The Centre for Emotional Health (previously called Family Links) design parenting courses, CPD training sessions and educational resources that empower people to become better parents and improve their understanding of their own emotional health.

The Challenge

  • The Centre for Emotional Health have designed over 100 different courses

  • Each course has a variety of surveys that are used to gather feedback as well as measure impact

  • While some courses are delivered centrally by a core team of facilitators, many are delivered by accredited facilitators who work independently or for different organisations

  • As a result, collecting and analysing survey responses from course participants has its challenges given that

    • some responses are collected online, while others are entered on paper

    • some responses are converted into spreadsheets with a row per respondent; while others get ‘flattened’ into Topline Figures that only show how many people have answered a question a certain way

  • Because of this, The Centre for Emotional Health had reached the point whereby they were

    • struggling to measure the full breadth of their impact

    • at risk of underselling themselves when applying to funders or reporting monitoring & evaluation results (because their full impact dataset was unavailable)

    • hampered in their ability to make data-driven decisions when designing and developing their courses

  • One of the reasons Family Links rebranded to become The Centre for Emotional Health was because they were raising their level of ambition, scaling up their mission and wanting to achieve a greater impact by extending their reach beyond Parenting Courses - with the aim of giving everyone the tools to live emotionally healthy lives.
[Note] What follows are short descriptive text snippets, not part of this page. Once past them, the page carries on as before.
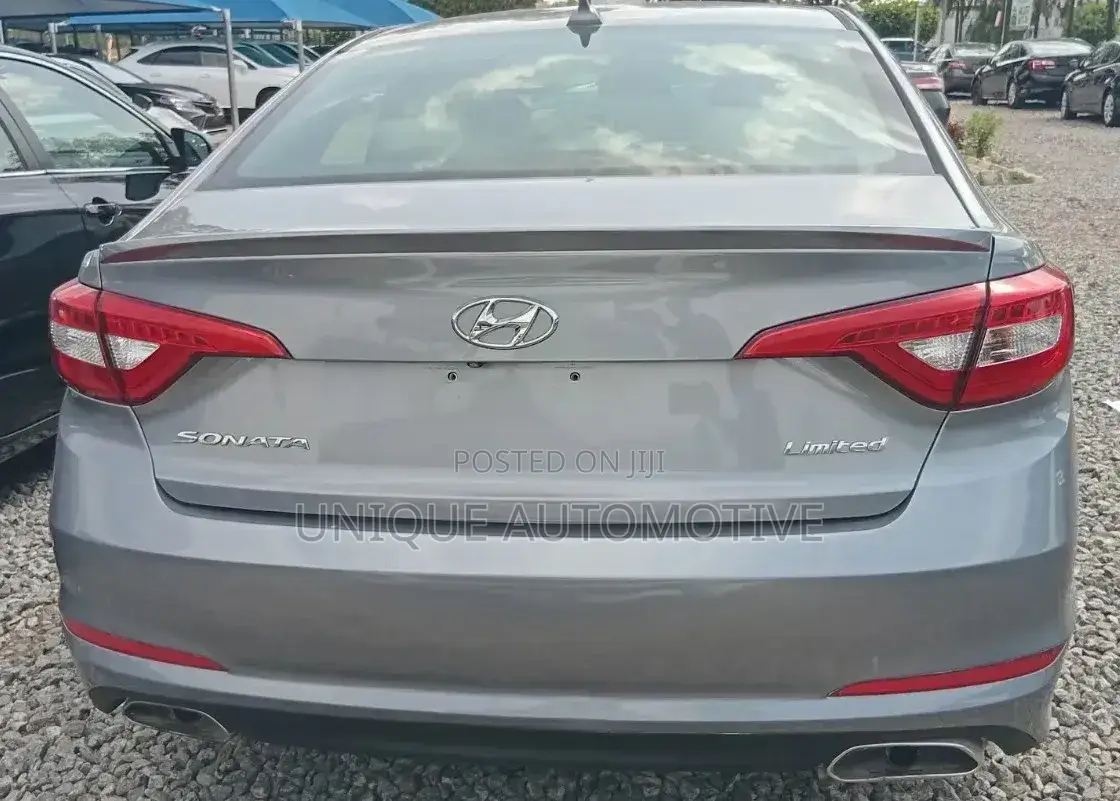 Hyundai Sonata Limited Sedan FWD (2.4L 4cyl 6A) 2016 Silver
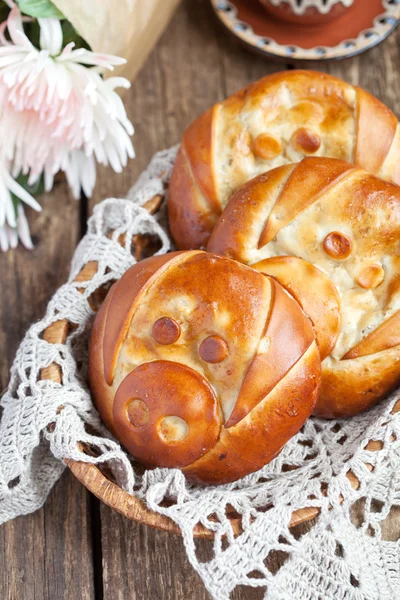 Funny food: homemade buns with apple filling in the form of pigs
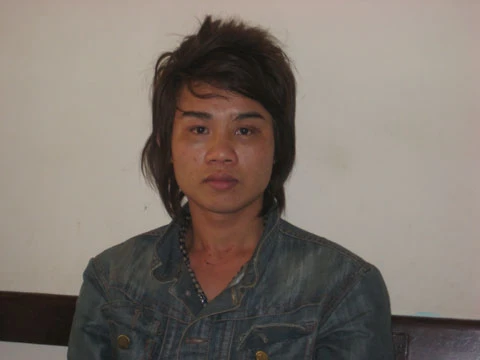 Vào nhà thờ trộm xe gắn máy ảnh 2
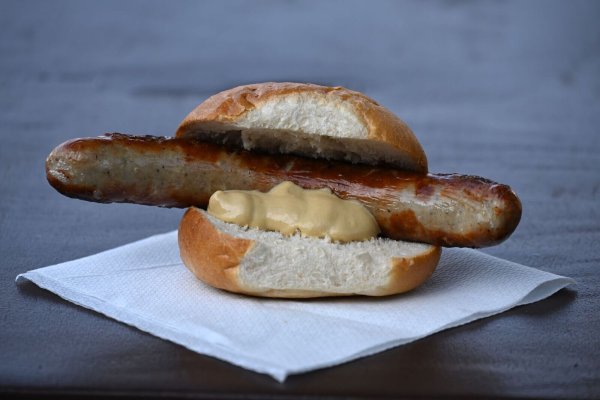 Wann und wo gab es die erste Bratwurst? Eine Urkunde könnte darüber Aufschluss geben. (Archivbild) - © Martin Schutt/dpa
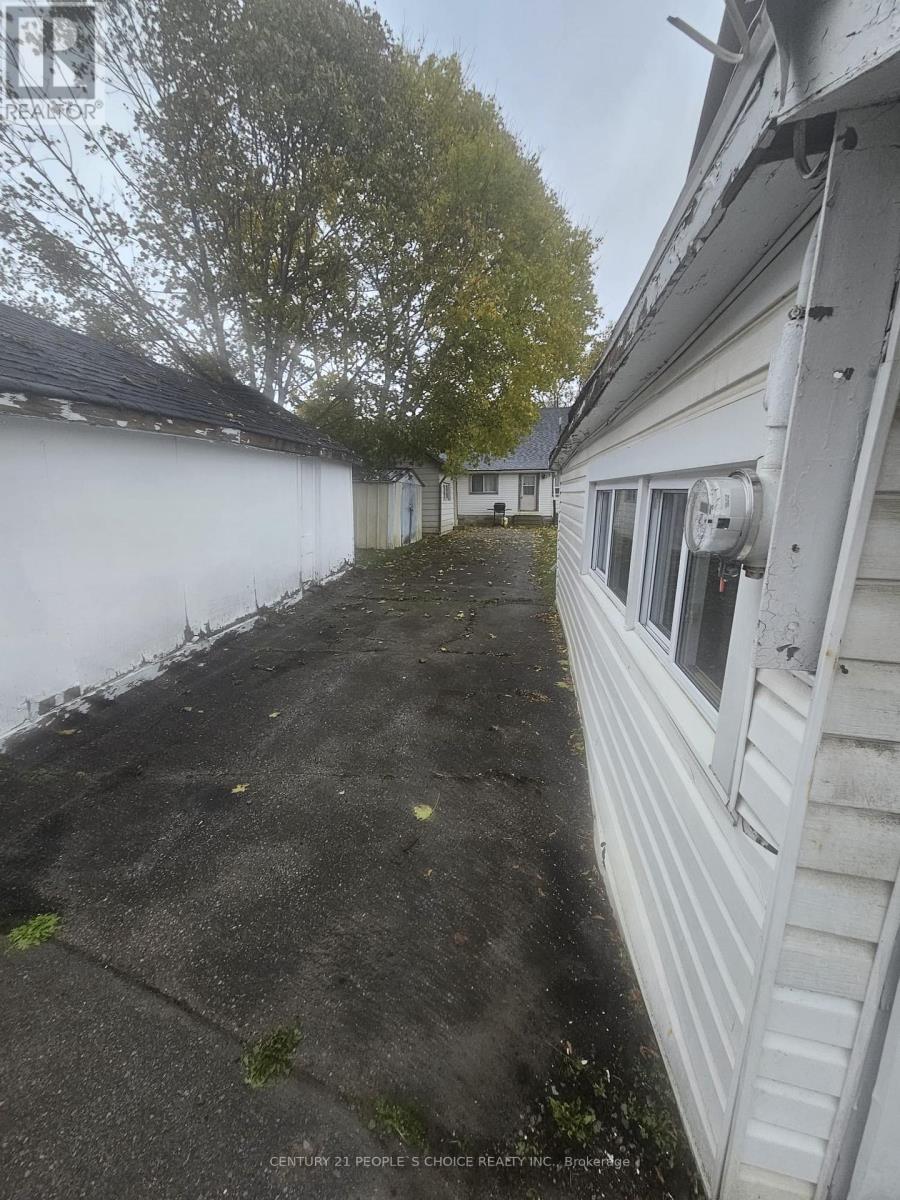 71 Queen St & 70 King Street, Kawartha Lakes (Lindsay), Ontario  K9V 1G5 - Photo 8 - X12850092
Data was getting in the way of their ability to fulfil their vision.

The Solution

  • We worked with the management team at The Centre for Emotional Health to understand their hierarchy of courses and the spectrum of data collection tools that were being used.

  • We staggered the rollout of their Makerble Platform across three phases so that learnings from each phase could be carried across to subsequent rollouts, allowing room for iteration as people increased their familiarity with what their new platform could achieve.

  • Given the scale of the Learning & Development courses being managed, we created automations to streamline the process of survey distribution to course participants.

  • The Centre for Emotional Health now has several dashboards that summarise their overall impact as well as course-specific pages that delve into survey results from specific sessions.

The Result

  • The Centre for Emotional Health now has the capability to scale up the variety of courses they run without compromising the quality of the impact data and survey data they collect.

  • This means they can continuously to reflect and iterate as they continue to grow. We’re excited to see what they do next.